## THE PROBLEM
The lines from the start of the records through the one containing "Detroit DD13 - A4700900850" are to be restated word for word; please include both ends.

_ _ _

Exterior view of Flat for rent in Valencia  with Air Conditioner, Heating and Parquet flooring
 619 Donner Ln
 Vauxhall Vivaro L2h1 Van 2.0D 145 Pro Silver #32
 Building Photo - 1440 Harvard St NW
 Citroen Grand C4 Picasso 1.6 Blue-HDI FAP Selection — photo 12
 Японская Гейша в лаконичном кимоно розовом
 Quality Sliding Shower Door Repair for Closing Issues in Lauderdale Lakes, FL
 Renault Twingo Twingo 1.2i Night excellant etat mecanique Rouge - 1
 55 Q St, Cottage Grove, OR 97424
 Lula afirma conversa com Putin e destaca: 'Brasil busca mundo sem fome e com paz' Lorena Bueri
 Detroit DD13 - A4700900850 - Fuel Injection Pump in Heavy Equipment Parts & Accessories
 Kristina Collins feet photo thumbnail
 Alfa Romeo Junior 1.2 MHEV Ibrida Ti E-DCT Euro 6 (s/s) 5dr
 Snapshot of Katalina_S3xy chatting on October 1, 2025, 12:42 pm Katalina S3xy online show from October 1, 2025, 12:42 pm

_ _ _

## ANSWER SPACE
Exterior view of Flat for rent in Valencia  with Air Conditioner, Heating and Parquet flooring
 619 Donner Ln
 Vauxhall Vivaro L2h1 Van 2.0D 145 Pro Silver #32
 Building Photo - 1440 Harvard St NW
 Citroen Grand C4 Picasso 1.6 Blue-HDI FAP Selection — photo 12
 Японская Гейша в лаконичном кимоно розовом
 Quality Sliding Shower Door Repair for Closing Issues in Lauderdale Lakes, FL
 Renault Twingo Twingo 1.2i Night excellant etat mecanique Rouge - 1
 55 Q St, Cottage Grove, OR 97424
 Lula afirma conversa com Putin e destaca: 'Brasil busca mundo sem fome e com paz' Lorena Bueri
 Detroit DD13 - A4700900850 - Fuel Injection Pump in Heavy Equipment Parts & Accessories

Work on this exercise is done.